File diff 8684885ce1d9 → 379e3713e98f
docs/privacy.rst
Show inline comments
 
new file 100644
 
.. _privacy:
 

	
 
Privacy
 
=======
 

	
 
Generating identicons thorugh Django Pydenticon using raw user data may have
 
undesirable consequences on privacy if the data used is meant to be ketp as
 
a secret.
 

	
 
This privacy issue can in particular arise if using data like usernames,
 
e-mails, or real names of users for generating avatars in publicly-accessible
 
websites.
 

	
 
As a rule-of-thumb, you should **never**, **ever** pass such data raw into the
 
identicon URL. This approach would leak the confidential information in plain
 
text to any interested parties.
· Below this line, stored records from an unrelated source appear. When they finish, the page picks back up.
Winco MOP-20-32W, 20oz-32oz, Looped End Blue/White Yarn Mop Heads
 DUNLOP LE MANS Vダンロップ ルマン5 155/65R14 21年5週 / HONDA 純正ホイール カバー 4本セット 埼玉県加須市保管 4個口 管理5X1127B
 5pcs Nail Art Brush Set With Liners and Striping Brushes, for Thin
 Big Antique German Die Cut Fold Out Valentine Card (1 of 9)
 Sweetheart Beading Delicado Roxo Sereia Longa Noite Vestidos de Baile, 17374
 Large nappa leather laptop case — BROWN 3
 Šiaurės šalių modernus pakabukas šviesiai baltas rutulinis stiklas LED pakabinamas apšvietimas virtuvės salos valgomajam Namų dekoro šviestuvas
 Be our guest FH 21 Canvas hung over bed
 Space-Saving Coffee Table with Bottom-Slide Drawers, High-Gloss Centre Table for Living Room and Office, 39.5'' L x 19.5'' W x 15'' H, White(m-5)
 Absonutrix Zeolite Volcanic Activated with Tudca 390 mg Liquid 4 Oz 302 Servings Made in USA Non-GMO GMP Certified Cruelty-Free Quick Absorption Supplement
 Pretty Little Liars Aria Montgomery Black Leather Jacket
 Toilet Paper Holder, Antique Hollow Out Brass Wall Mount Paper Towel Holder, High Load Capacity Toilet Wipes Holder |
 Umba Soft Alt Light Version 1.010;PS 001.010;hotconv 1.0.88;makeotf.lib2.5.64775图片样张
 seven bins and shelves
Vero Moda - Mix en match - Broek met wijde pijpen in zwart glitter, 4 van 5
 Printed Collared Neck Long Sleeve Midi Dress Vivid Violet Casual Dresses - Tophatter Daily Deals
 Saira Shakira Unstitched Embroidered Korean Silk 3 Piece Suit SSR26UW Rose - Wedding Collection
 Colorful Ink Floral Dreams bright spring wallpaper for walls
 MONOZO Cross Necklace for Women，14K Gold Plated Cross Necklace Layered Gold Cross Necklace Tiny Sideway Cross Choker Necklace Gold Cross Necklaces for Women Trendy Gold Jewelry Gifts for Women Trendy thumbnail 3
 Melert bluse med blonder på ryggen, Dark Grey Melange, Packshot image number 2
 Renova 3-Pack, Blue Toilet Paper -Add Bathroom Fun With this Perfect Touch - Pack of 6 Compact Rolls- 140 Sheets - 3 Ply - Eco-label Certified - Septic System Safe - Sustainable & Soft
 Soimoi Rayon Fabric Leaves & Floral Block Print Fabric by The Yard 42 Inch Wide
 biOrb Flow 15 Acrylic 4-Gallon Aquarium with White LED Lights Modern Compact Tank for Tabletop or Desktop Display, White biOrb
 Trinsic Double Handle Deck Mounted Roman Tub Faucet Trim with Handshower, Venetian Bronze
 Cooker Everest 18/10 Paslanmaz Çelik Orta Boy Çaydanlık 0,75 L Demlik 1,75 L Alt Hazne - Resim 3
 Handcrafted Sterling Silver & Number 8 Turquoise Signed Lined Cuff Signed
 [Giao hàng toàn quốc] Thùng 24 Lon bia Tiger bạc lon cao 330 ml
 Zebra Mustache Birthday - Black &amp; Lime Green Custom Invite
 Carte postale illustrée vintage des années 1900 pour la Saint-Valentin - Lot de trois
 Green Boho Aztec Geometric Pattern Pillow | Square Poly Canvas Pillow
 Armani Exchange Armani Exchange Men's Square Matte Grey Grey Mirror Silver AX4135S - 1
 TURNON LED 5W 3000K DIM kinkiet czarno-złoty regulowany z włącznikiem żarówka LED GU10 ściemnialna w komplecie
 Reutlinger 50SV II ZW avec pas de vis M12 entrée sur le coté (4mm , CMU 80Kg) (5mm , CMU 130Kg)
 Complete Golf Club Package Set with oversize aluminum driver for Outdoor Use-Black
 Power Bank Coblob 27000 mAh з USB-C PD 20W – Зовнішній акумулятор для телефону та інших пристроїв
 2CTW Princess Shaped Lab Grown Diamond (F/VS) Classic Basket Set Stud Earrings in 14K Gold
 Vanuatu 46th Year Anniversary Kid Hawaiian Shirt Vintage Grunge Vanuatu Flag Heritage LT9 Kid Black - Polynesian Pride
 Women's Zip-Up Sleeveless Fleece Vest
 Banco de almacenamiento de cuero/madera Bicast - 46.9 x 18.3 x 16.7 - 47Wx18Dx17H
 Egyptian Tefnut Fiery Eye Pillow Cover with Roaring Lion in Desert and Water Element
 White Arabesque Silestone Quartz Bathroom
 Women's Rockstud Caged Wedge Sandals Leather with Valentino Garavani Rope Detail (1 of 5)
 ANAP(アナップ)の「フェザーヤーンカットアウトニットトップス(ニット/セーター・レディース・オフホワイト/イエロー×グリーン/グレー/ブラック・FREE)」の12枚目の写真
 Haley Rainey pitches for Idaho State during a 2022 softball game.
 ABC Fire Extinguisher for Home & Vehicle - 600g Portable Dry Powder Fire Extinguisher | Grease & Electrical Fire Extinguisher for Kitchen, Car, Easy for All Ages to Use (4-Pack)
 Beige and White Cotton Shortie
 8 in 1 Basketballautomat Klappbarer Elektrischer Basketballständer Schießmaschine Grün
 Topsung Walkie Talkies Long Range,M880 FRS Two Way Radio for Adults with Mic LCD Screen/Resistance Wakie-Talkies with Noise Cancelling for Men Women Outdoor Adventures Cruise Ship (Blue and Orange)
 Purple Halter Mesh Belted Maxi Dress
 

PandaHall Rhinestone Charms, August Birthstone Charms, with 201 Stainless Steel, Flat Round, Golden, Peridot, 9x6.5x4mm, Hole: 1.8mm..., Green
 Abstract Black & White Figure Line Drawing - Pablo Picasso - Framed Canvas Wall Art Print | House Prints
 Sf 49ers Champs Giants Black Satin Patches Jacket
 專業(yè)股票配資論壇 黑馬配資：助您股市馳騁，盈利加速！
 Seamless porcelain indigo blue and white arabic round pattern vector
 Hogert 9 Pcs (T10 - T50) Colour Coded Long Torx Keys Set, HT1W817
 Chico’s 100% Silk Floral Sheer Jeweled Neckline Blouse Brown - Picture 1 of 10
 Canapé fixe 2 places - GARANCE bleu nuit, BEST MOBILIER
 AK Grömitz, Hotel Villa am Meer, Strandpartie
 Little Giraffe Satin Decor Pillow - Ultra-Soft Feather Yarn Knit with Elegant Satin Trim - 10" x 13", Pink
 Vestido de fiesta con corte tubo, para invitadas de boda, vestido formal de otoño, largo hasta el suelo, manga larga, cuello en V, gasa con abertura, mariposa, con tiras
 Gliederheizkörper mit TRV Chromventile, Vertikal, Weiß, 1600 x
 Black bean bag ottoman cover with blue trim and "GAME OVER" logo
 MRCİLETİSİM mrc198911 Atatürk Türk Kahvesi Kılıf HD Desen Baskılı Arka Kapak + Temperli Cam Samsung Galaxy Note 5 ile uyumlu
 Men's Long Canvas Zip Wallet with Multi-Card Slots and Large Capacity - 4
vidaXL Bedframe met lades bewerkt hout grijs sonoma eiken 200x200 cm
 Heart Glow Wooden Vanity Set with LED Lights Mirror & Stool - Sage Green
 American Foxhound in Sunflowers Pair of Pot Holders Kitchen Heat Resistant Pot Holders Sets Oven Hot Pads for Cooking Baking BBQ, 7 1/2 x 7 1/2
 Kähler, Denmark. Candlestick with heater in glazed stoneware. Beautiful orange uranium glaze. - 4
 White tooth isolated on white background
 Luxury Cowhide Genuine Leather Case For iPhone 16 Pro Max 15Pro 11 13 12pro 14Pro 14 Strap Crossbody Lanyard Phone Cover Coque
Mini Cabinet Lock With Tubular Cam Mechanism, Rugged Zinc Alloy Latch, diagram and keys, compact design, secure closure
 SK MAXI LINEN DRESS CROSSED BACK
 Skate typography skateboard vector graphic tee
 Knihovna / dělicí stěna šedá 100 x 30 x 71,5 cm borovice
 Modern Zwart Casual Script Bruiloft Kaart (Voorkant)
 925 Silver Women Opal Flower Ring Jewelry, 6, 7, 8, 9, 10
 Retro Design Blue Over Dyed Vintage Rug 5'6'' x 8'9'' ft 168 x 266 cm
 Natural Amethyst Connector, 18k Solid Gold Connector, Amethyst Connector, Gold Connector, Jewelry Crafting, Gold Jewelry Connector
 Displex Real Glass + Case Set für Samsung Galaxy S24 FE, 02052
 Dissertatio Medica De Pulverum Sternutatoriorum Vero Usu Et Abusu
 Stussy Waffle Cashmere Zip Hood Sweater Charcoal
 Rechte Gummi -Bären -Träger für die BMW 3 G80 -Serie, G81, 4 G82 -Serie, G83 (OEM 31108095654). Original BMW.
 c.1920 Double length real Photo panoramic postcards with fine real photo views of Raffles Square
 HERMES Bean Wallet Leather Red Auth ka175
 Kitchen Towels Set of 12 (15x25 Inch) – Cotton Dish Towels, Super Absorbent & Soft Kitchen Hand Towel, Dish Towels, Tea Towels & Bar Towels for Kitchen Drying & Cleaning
Instead, calculate a digest of the raw data, and
 
pass the hex digest as part of the URL instead.
 

	
 
.. note::
 
   In some cases you may opt to pass raw data. For example, if usernames are
 
   visible as part of posted comments, they're probably already scrapeable, and
 
   having them as part of identicon URL won't hide them anyway.
 

	
 
Additionally, the default digest algorithm (*MD5*) may not be safe enough for
 
such data. Even in case where a stronger digest algorithm is used, an attacker
 
might attempt to generate `rainbow tables
 
<https://en.wikipedia.org/wiki/Rainbow_tables>`_, and scrape the web pages
 
hashed data contained within identicon URLs.
 

	
 
There's two feasible approaches to resolve this:
 

	
 
* Always apply *salt* to user-identifiable data before calculating a hex
 
  digest. This can hugely reduce the efficiency of brute force attacks based on
 
  rainbow tables (although it will not mitigate it completely).
 
* Instead of hashing the user-identifiable data itself, every time you need to
 
  do so, create some random data instead, hash that random data, and store it
 
  for future use (cache it), linking it to the original data that it was
 
  generated for. This way the hex digest being put as part of an image link into
 
  HTML pages is not derived in any way from the original data, and can therefore
 
  not be used to reveal what the original data was.
 

	
 
Keep in mind that using identicons will inevitably still allow people to track
 
someone's posts across your website. Identicons will effectively automatically
 
create pseudonyms for people posting on your website. If that may pose a
 
problem, it might be better not to use identicons at all.
 

	
 
Finally, small summary of the points explained above:
 

	
 
* Always use hex digests in identicon URLs.
 
* Instead of using privately identifiable data for generating the hex digest,
 
  use randmoly generated data, and associate it with privately identifiable
 
  data. This way hex digest cannot be traced back to the original data through
 
  brute force or rainbow tables.
 
* If unwilling to generate and store random data, at least make sure to use
 
  salt when hashing privately identifiable data.